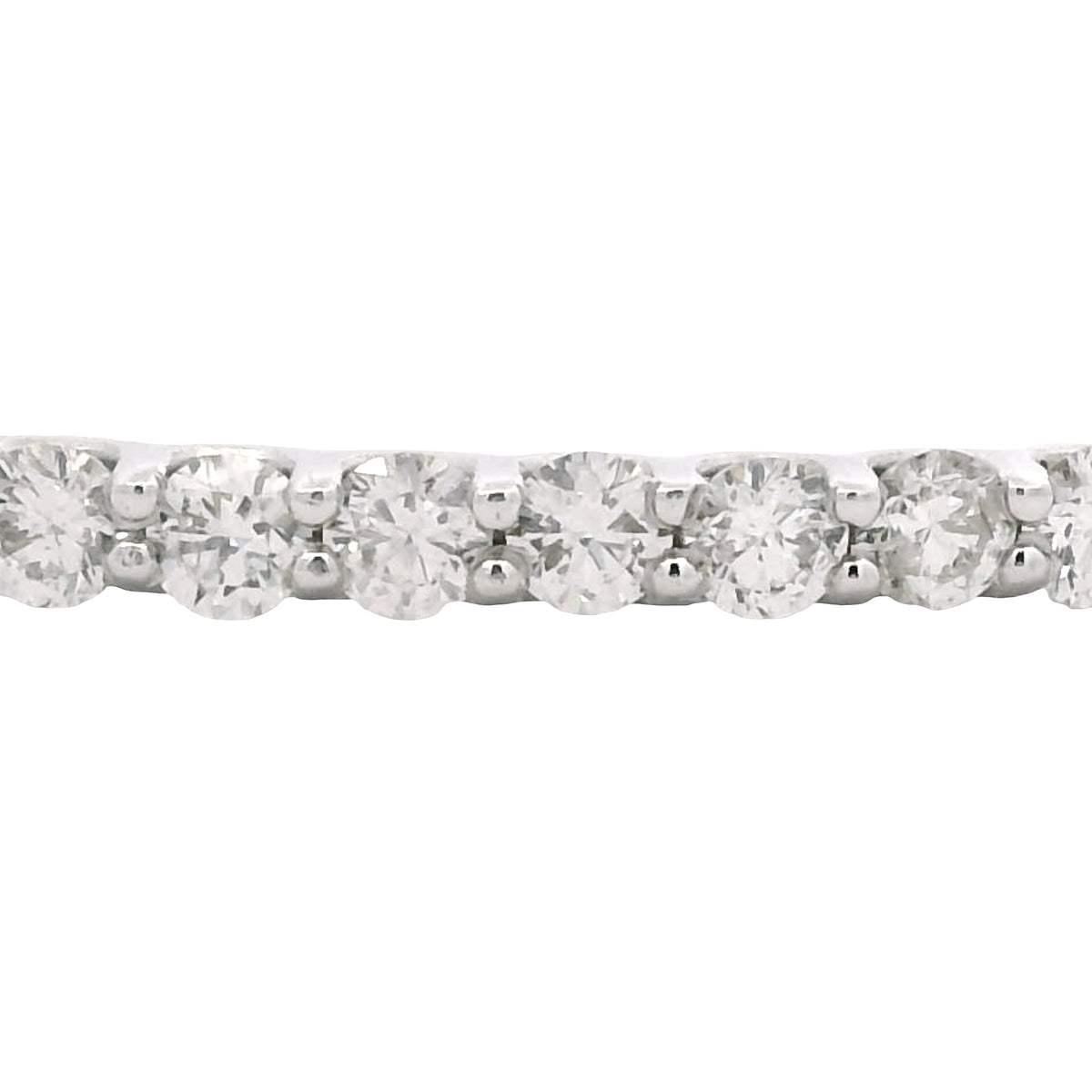 14K White Gold Natural 8.25 Carat Round Brilliant Diamond Bangle Bracelet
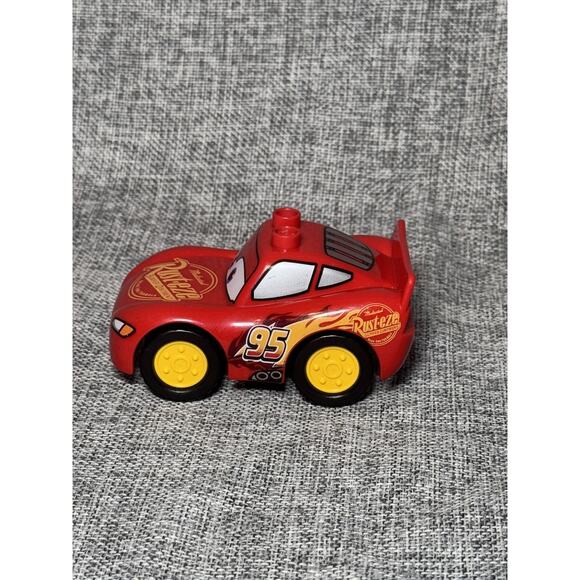 Lego Duplo Disney Cars Lightning McQueen with Yellow Wheels - Picture 2 of 5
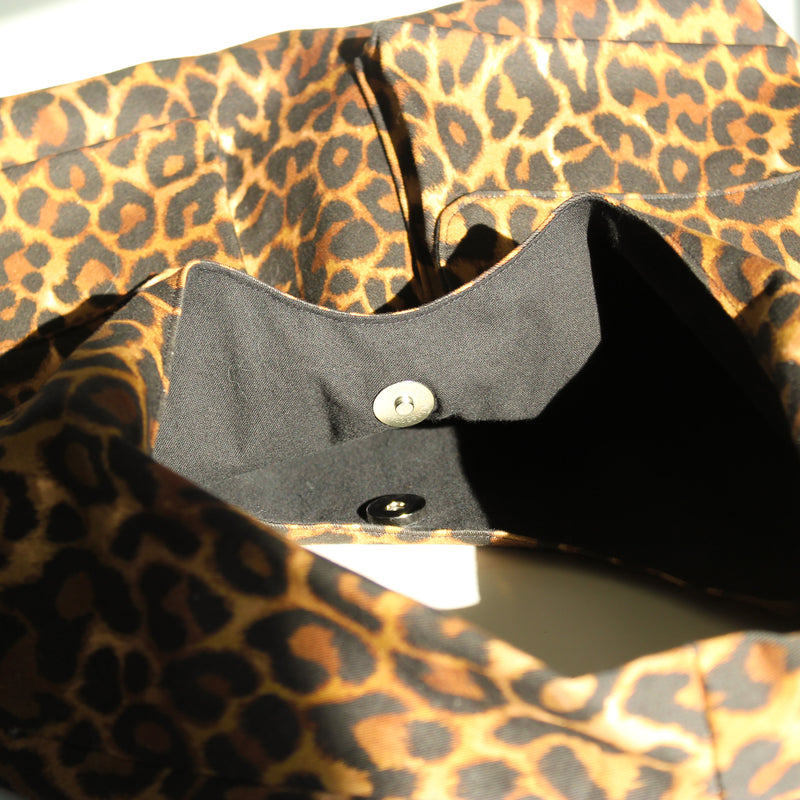 Patron sac épaule vue détail bouton aimanté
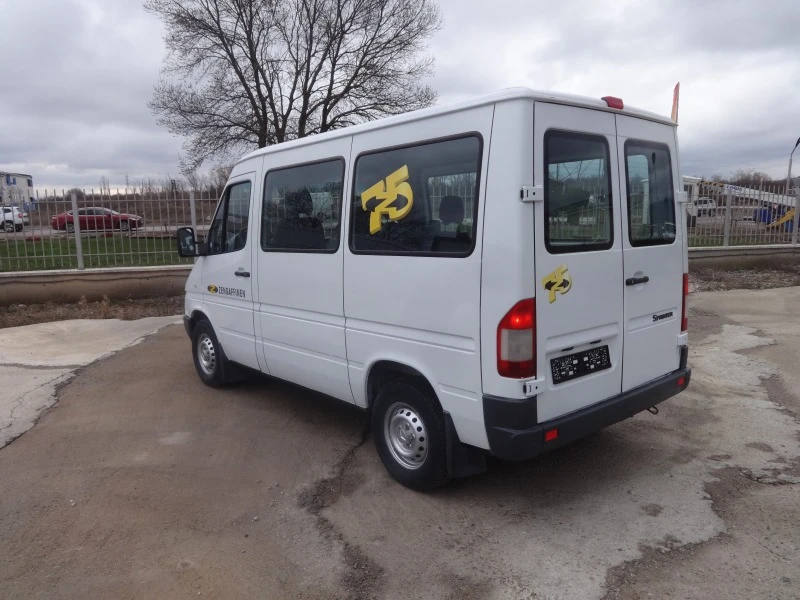 Mercedes-Benz Sprinter 211 Пътнически- 9 местен, снимка 4 - Бусове и автобуси - 44764522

_____

* What needs to be done *
Drop the images, then copy the data exactly.

* Result for this exercise *
 14K White Gold Natural 8.25 Carat Round Brilliant Diamond Bangle Bracelet
 Lego Duplo Disney Cars Lightning McQueen with Yellow Wheels - Picture 2 of 5
 Patron sac épaule vue détail bouton aimanté
 Mercedes-Benz Sprinter 211 Пътнически- 9 местен, снимка 4 - Бусове и автобуси - 44764522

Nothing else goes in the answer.